As a community of physicians we must hold ourselves accountable for this connundrum. We have all too easily taken the way forward to add new therapies and medications to our armamentarium when we saw our limitations and thought that the latest and the greatest seemed to have more to offer. However, our adherence to the kind of scientific scrutiny of our new discoveries was usually less of a rigorous application of statistical experimentation than it was a proof of concept exploration that then became dogma by the power of financial, social and cultural prizes spread among all of us. Consequently, many standards have not just become outdated, but proven dangerous over the years as more rigorous studies have been conducted (see Ioannides reference below for a fuller discussion of this).
I believe it is time for us to reevaluate all of our standards, not from the point of view of what seems best practice to a group of experts, but with a transparent exposition of the evidence and its limitations, and a clear delineation of what risks we are willing to accept, and for what level of benefit, certain or uncertain. This must involve open discussions among our community, with our financiers, and with our patients, so that we and they can understand what risks we are taking with our treatments, and what exactly they can expect in return, and at what cost.
In that line of thinking, our new experience with ESA’s is like us learning how to tie our shoes.

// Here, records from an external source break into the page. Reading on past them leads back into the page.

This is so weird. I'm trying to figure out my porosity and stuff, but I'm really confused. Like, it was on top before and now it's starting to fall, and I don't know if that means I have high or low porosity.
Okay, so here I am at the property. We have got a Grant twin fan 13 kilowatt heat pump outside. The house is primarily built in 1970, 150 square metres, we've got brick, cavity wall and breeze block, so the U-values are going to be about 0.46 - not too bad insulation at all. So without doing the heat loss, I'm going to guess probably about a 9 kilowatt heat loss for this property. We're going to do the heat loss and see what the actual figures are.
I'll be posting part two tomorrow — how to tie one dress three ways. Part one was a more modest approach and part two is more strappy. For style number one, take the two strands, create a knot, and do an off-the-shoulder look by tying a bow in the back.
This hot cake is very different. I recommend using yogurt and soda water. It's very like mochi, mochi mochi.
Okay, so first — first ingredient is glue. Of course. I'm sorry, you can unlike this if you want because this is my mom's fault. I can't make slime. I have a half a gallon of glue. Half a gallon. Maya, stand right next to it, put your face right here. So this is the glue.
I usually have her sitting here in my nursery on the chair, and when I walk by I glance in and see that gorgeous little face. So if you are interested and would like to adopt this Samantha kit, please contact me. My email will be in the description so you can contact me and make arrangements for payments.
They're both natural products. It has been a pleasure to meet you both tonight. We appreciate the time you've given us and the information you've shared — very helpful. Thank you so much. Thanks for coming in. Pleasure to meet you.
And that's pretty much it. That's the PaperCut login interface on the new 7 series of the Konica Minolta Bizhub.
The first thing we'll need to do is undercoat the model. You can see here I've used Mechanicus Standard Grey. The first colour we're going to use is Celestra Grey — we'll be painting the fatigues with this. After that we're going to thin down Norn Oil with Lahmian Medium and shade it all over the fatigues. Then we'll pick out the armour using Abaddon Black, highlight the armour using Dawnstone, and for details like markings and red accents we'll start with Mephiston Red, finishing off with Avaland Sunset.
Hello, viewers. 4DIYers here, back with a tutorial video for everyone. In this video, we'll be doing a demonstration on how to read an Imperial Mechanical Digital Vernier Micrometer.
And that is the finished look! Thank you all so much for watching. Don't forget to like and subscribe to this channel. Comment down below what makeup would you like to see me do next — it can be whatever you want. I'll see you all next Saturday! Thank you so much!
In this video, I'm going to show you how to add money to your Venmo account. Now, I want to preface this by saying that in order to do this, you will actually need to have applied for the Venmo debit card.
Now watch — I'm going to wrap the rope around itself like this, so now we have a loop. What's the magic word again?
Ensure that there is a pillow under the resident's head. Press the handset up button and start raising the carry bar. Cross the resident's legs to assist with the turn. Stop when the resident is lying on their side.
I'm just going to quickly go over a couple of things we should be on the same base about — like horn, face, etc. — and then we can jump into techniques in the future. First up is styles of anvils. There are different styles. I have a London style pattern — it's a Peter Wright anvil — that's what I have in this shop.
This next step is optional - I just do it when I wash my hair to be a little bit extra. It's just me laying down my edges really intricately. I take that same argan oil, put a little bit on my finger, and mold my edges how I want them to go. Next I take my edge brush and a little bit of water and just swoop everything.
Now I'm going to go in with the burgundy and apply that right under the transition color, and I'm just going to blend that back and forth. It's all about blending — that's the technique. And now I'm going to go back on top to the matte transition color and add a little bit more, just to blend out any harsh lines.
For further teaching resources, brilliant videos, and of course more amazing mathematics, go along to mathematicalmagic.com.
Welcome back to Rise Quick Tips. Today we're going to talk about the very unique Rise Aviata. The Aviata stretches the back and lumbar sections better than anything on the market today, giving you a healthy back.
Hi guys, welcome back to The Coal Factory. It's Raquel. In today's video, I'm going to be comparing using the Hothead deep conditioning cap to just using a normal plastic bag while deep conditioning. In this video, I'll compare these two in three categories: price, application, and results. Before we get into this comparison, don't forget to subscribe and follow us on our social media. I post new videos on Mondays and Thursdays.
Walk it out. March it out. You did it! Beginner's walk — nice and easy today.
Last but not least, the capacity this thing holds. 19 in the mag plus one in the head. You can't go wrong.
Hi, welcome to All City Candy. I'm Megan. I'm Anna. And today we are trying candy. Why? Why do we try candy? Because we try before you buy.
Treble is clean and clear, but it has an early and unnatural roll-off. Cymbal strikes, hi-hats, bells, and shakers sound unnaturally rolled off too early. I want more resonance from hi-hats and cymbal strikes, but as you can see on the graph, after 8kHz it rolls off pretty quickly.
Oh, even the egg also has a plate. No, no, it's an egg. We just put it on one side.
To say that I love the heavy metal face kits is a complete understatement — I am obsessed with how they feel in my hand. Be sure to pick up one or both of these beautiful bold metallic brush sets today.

I also believe that the resources of the Davita Village represent a unique and potentially fertile space for physicians, scientists, payers and patients to actually lead the way in developing the cultural tools to conduct the kind of collaborative scientific inquiry that can lead us to develop both cost effective and safe medical care for kidney diseases. Why not make that kind of leadership part of our mission?
references
1.Ioannides J, PLoS Medicine | http://www.plosmedicine.org 0696
Essay August 2005 | Volume 2 | Issue 8 | e124
2.Ioannides j, Epidemiology • Volume 19, Number 5, September 2008
Rex Mahnensmith said,
September 20, 2011 @ 1:08 pm
We have implemented Shape with each revision. I am finding that our nurses, particularly our PD nurses, who function in an authentic primary nurse clinician role, advocate that holding Epo at Hemoglobin 11.0 or above puts the patient at risk. Particularly with those patients who have an EPO dose that is above 15000 per week, we typically decide not to withhold Epo but rather we reduce the dose. The dose is often reduced by 50% or a bit more, but we are finding satisfaction with this approach. Our patients also expression frustration about hemoglobin cycling and size of doses when hemoglobin falls substantially, so this approach seems rationale to all of us. I don’t believe we are putting patients at risk with this approach nor do we believe we are practicing “wrongly” with Epo.
Allen Nissenson said,
September 23, 2011 @ 9:03 am
Appreciate the comments. Regarding anemia management nephrologists need to consider available protocols, current best evidence, regulatory guidance and then make decisions based on individual patient needs. This area has not been black and white since the introduction of EPO in 1989 and I fully expect evidence to continue to be generated that will result in further changes in management approach for many years to come.